To carry the spirit of Christmas forward, we gotta pray for a change of heart
The message of We Gotta Pray is a good reminder of the ‘reason for the season’ that we are preparing to celebrate. During the Christmas season, goodwill, random acts of kindness and messages of “Joy to the world” and “Peace on earth” abound for at least a few days. But, in order to carry the spirit of Christmas forward into the world as a force for transformation, “we gotta pray” for that change of heart if we want “to get ourselves back to the garden”, to quote from another protest song.
While the lessons of human history teach us that there is no easy way back, no quick fix to repair the brokenness of human relationships, a visit to a stable where a babe is laying in a manger may help to soften our hearts.

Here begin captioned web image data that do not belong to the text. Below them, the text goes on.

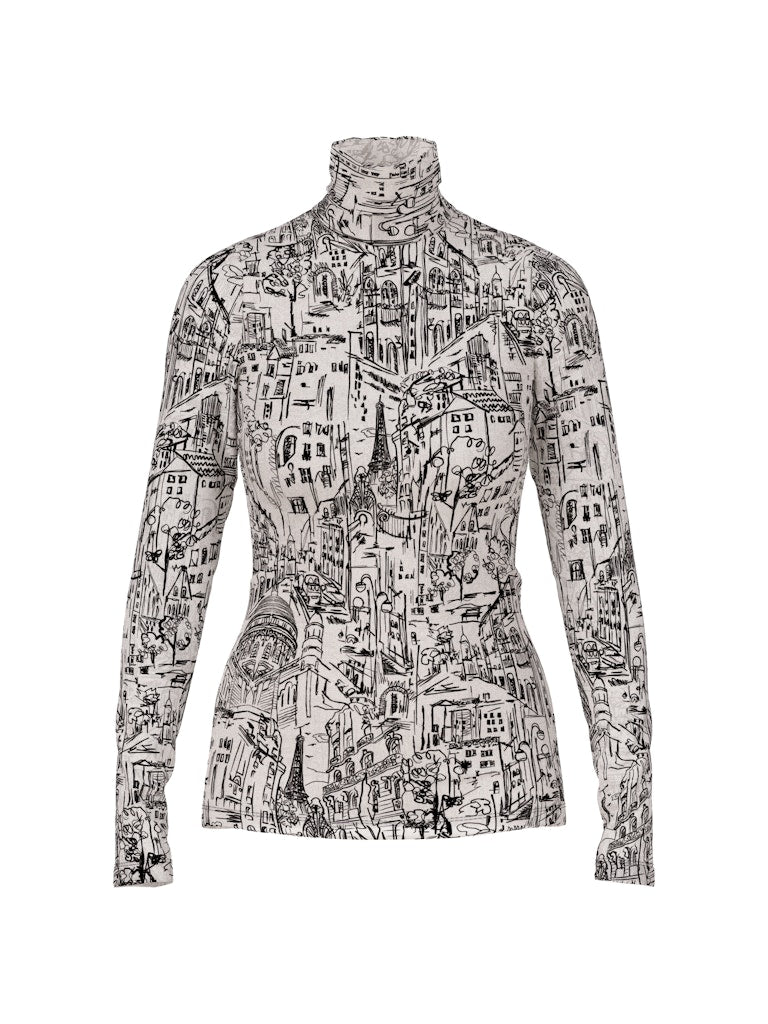 Longsleeve Shirt mit City-Motiv in smoke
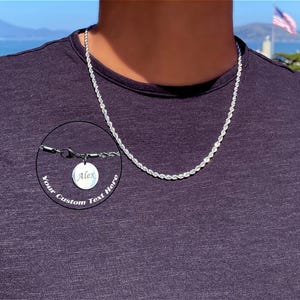 Men&#39;s Rope Chain Necklace, Men&#39;s Necklace, Silver Chain Necklace for Men, Men&#39;s Chain Necklace, Stainless Steel 3mm Rope Chain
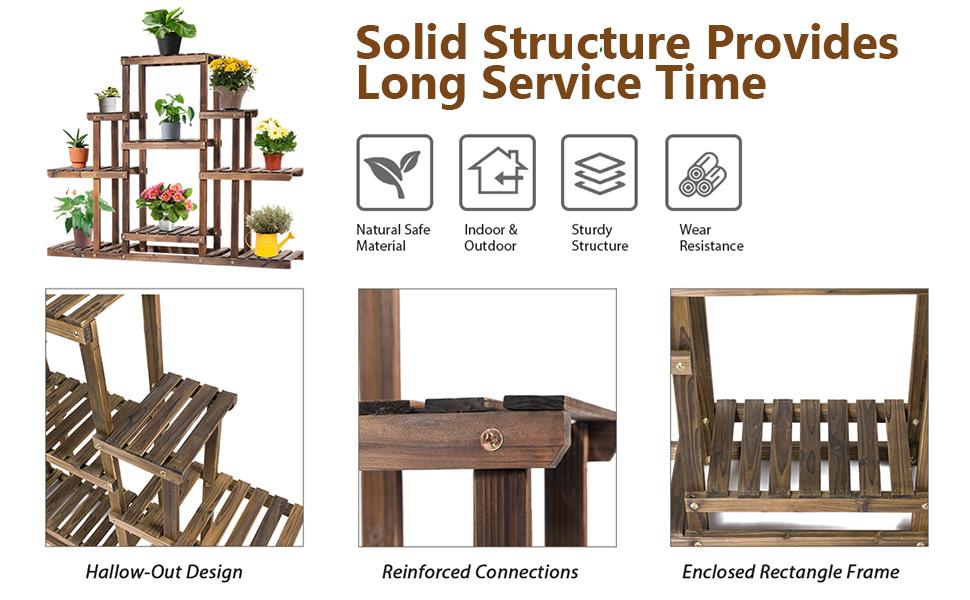 Wood Plant Stand Wood Shelves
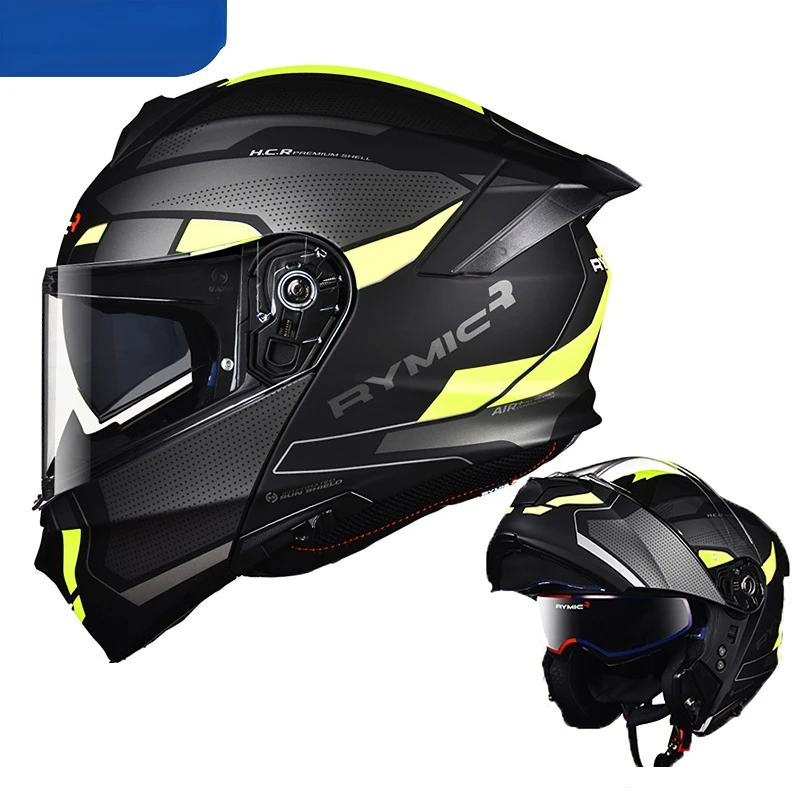 RYMIC Vinyage Motorcycle Flip Up Helmet Motorbike Full Face Modular Motorcycle Riding Helmets Capacete Mota Cascos Moto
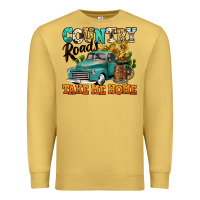 Antique Gold country roads take me home vintage truck Premium Sweatshirt - Jasminsmagicworld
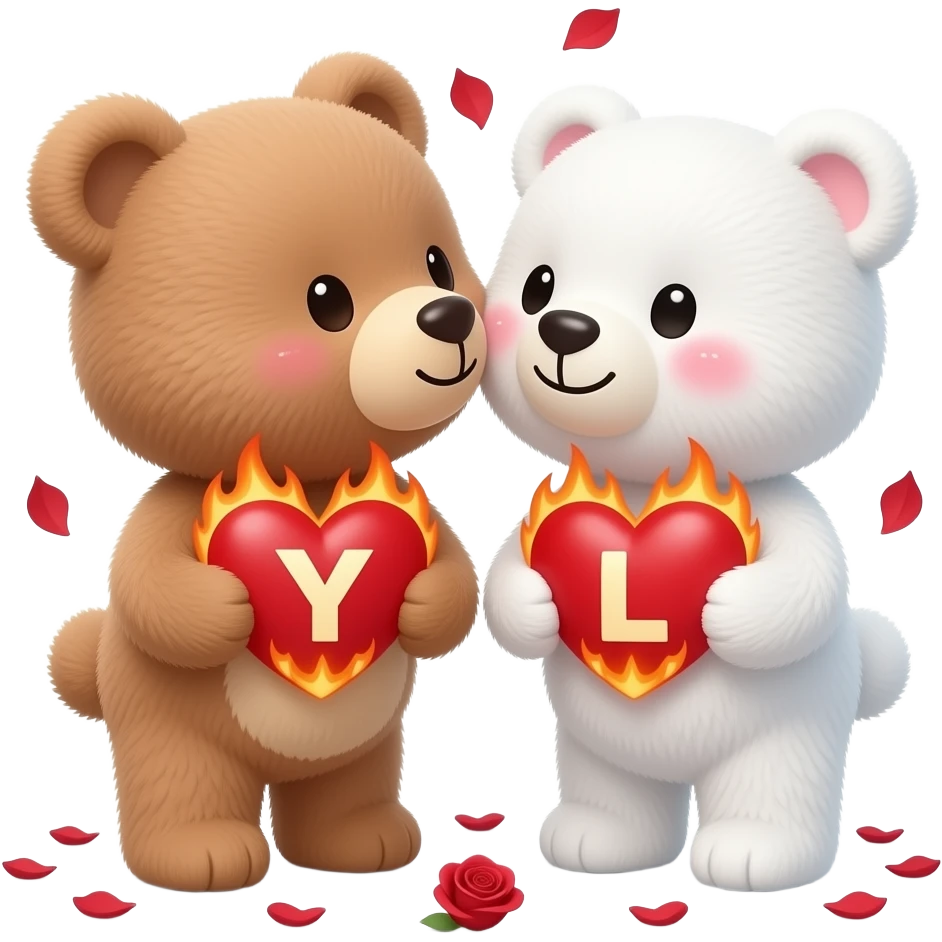 I want one light brown bear teddy kissing on cheek white bear teddy both holding heart , both a little furry, the  white bear blushes and smiles , add letter Y to the heart of the brown bear and letter L to the heart of the white bear , raining rose petals , hearts on fire emoji
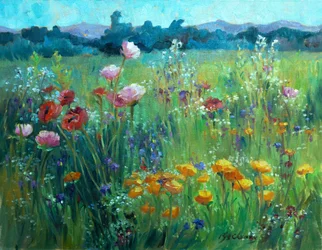 Champ de coquelicots, vers 1980-95 (huile sur toile)
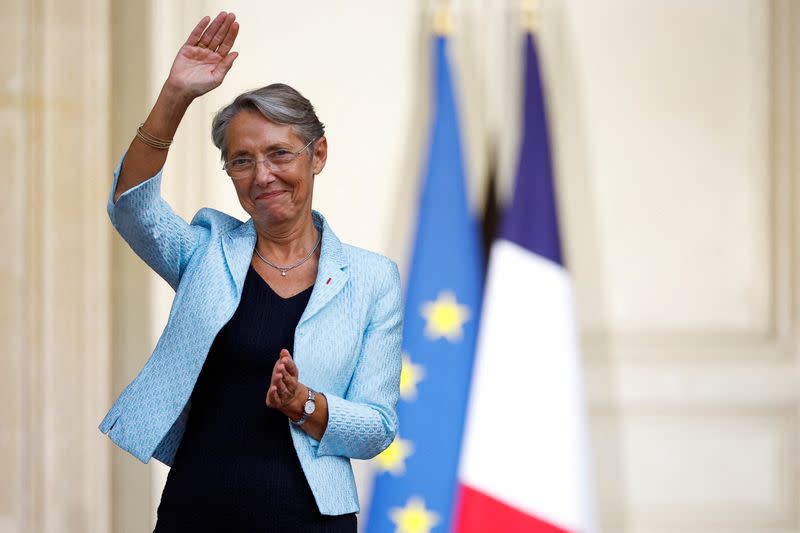 Handover ceremony between outgoing French PM Castex and newly-appointed PM Borne, in Paris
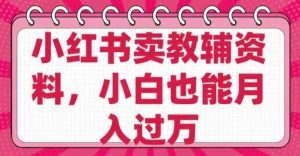 小红书卖教辅资料，0 成本，纯利润，售后成本极低，小白也能月入过W-E网资源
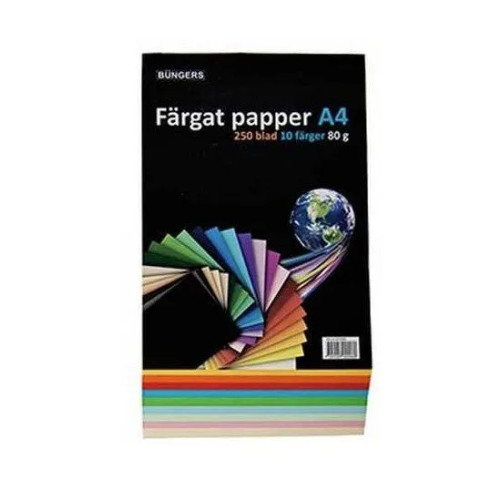 Büngers Färgpapper A4 80g ass. färger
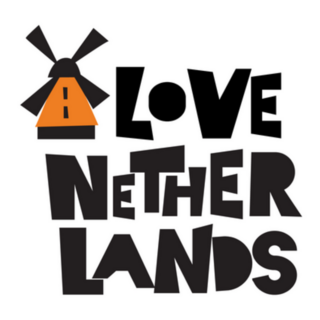 I Love Netherlands Lettering Illustration Windmill Sticker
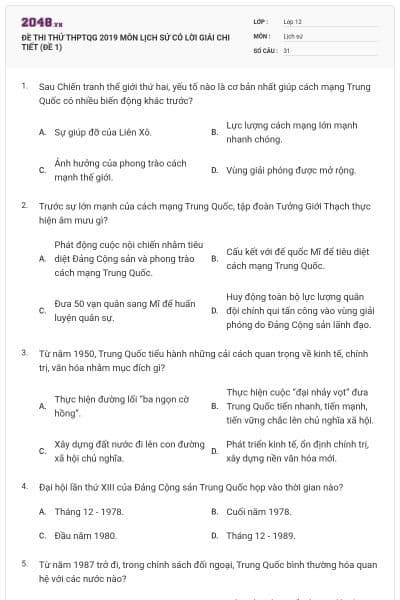 ĐỀ THI THỬ THPTQG 2019 MÔN LỊCH SỬ CÓ LỜI GIẢI CHI TIẾT (ĐỀ 1)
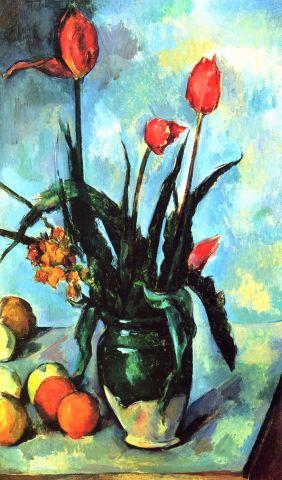Pintores que pintan flores y frutas paul cezanne, Vázy, tulipány ve váze 1892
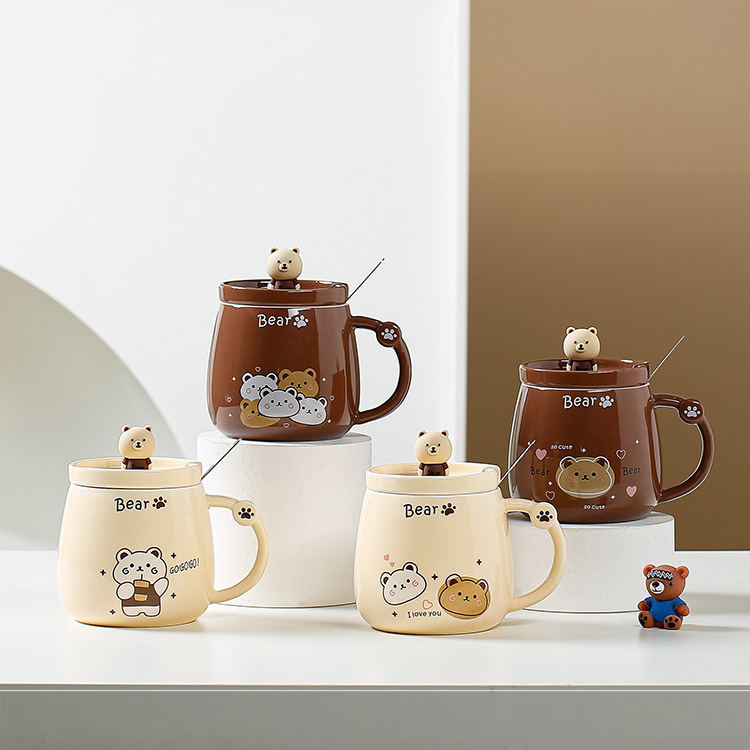 アニメいちごウサギストロー陶磁器カップ女子カップ高颜値少女心ミルクティーカジュアルカップ創意マグカップ|undefined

At the stable we discover our potential for goodness
In the Christmas story as retold in the Gospel of Luke, angels link the birth of this baby to peace on earth and among people. Papal preacher, Father Raniero Cantalamessa reflected on the relationship between Christmas and peace in a recent Advent homily. The coming of Jesus ushers in a new age for humanity and teaches us “the first peace is the vertical, between heaven and earth, between God and humanity. From it depend all other forms of peace.” This peace comes not only from the subsequent death of Jesus on the cross, said Cantalamessa, but also from the gift of grace that came into the world with his birth.
In the manger where a tiny, perfect, yet utterly helpless babe lays, we recognize that we too are vulnerable, and that we hold within our self a tremendous potential for goodness. Through the diversity of the group gathered around the manger - in the baby’s Jewish parents, in the poor shepherds, and in the rich magi of the East who come from a different religious tradition - we experience equality and mutual respect. We gain insight into the way of peace as we discover the graciousness of God who welcomes and honors us without distinction based on race, religion or socio-economic status.
Grace and peace are the gifts waiting for us at the stable. These are the gifts that lead us to a conversion of the heart and that can guide us back to the garden. But, we gotta pray.